===== Input material =====
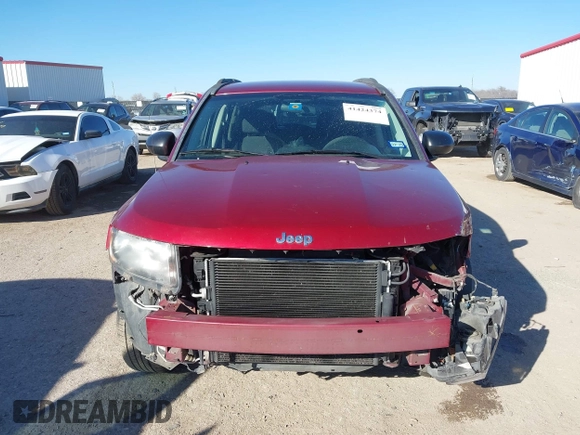 2014 Jeep Compass Sport with VIN 1C4NJCBA3ED812435, listed as a IAAI auction lot 41424374 with 174,663 mi miles and . Bid and sale history available at DreamBid. Image 13.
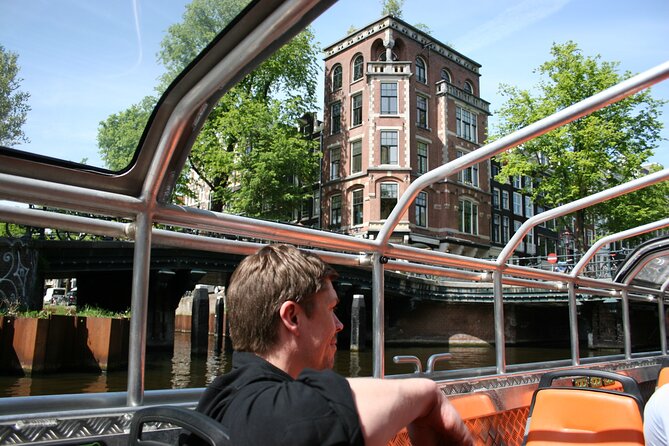 Amsterdam 1h Canal Cruise by Semi-Open Boat with Audio Guide - Semi-Open, Solar-Powered Boat: A Different Angle on the Canal Belt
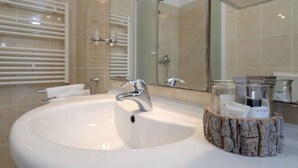 A modern bathroom with a large white sink, a mirror, and a towel rack.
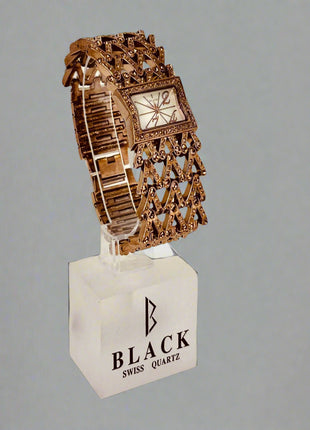 Decorative watch on a stand with 'Black Swiss Quartz' branding against a gray background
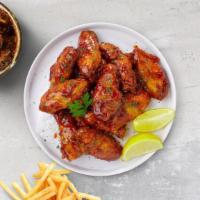 Smoked Glaze Mustard Wings · Fresh chicken wings, fried until golden brown, and tossed in smokey mustard sauce. Served wi...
=====
▶ [Your objective]:
Word for word, restate the lines from the line containing "Decorative watch on" through the end of the data, including the first and last of them. Pictures stay out.

▶ [Problem solution]:
 Decorative watch on a stand with 'Black Swiss Quartz' branding against a gray background
 Smoked Glaze Mustard Wings · Fresh chicken wings, fried until golden brown, and tossed in smokey mustard sauce. Served wi...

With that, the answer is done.